Last year, however, according to a Bloomberg report, honeybee numbers in the United States rose, and deaths declined.

Britain’s butterflies may not be so lucky. A 2015 report noted “evidence of the serious, long-term and ongoing decline of U.K. butterflies,” with 70 percent of species declining in occurrence and 57 percent declining in abundance since 1976, Butterfly Conservation says.

Four butterflies have become extinct in the past 150 years, scientists say, and three-quarters of the 56 species of butterflies in Britain and Ireland are in decline, according to the charity, which says they have been under siege from “unprecedented environmental change.”

“Habitats have been destroyed on a massive scale, and now patterns of climate and weather are shifting unpredictably in response to pollution of the atmosphere, but the disappearance of these beautiful creatures is more serious than just a loss of color in the countryside,” the charity’s website says.

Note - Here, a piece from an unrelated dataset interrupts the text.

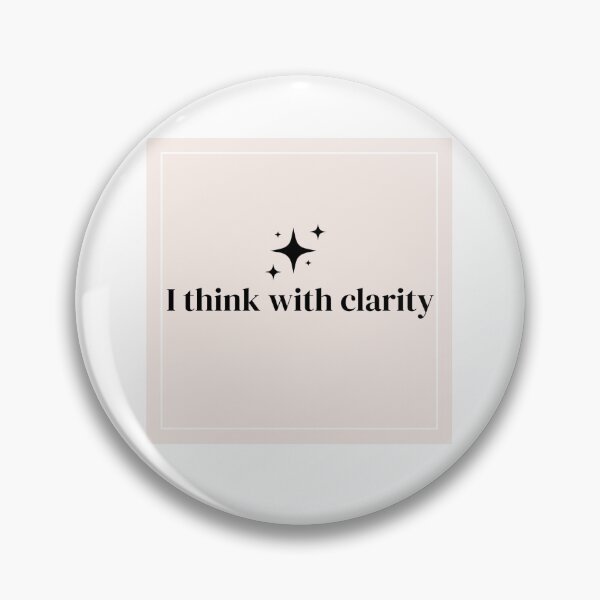 Item preview, Clear Thinking designed and sold by ShreyaRathi05.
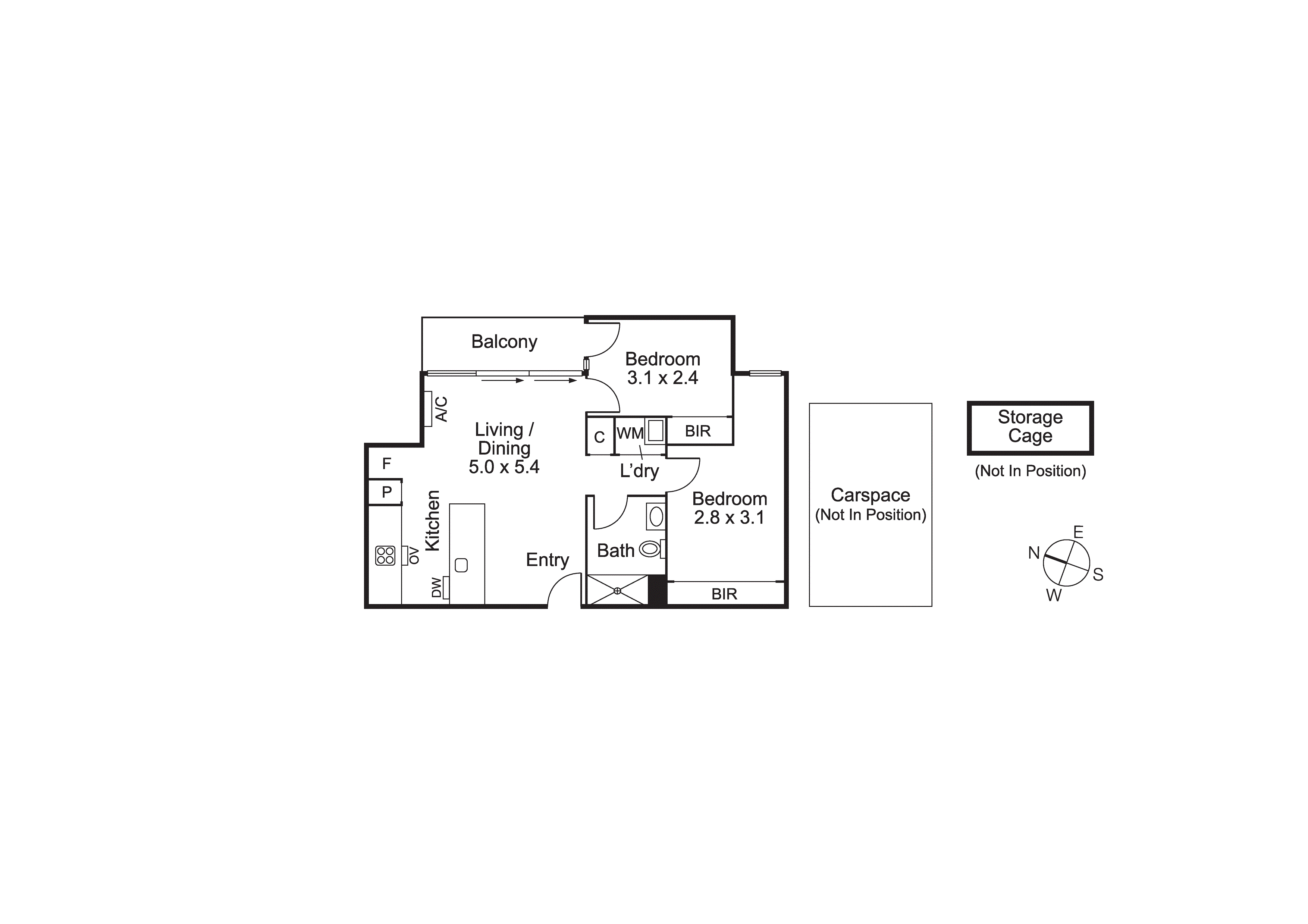 405/79 Market Street, South Melbourne VIC 3205 - Floorplan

Apart from the insects’ intrinsic and economic value, the British government see butterflies and moths as important “indicators of biodiversity,” the organization says, adding, “Their fragility makes them quick to react to change so their struggle to survive is a serious warning about our environment.”

In 2017, the gatekeeper butterfly was the most commonly counted. The species expected to do well in this year’s survey include the holly blue, common white, common blue and red admirals.